En el lanzamiento del Polo Audiovisual Isla Demarchi, el 29 de agosto de 2012, mientras Cristina exponía, gracias a su “vocación de arquitecta”, la necesidad de construir dos puentes desde la autopista a la isla, de pronto escuchamos: “Debo ser la reencarnación de un gran arquitecto egipcio». Por supuesto, capto el chiste. Y por captarlo descubro en su decir algo del orden de la verdad del sujeto (quien emite una verdad a pesar de sí: reencarnar significa volver una y otra vez a la vida, repetir y repetirse compulsivamente, una especie de ventana temporal abierta a la dimensión de lo eterno).

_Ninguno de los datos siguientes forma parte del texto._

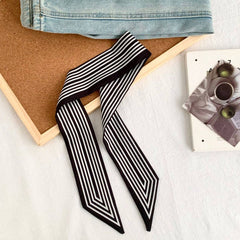 Trendy Striped Scarf Hair Wrap Bag Tie_Cwasc02986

1952. Último discurso de Evita: “Y así como este Primero de Mayo glorioso, mi general, quisiéramos venir muchos y muchos años y, dentro de muchos siglos, que vengan futuras generaciones para decirle en el bronce de su vida o en la vida de su bronce, que estamos presentes, mi general, con usted”. Es evidente el valor metafórico del bronce, y justamente es en esa metáfora donde se juega el intento de proyectar hacia la eternidad el nombre de Perón, y adherido a ese nombre, el deseo de inmortalidad de Evita, luego de su muerte, Jefa Espiritual de la Nación.
Cristina tuvo su discurso de despedida (al menos por ahora) el 9 de diciembre del 2015. Le cedo el final del texto a las últimas palabras que pronunció aquella jornada: “…sepan que siempre voy a estar junto a ustedes”.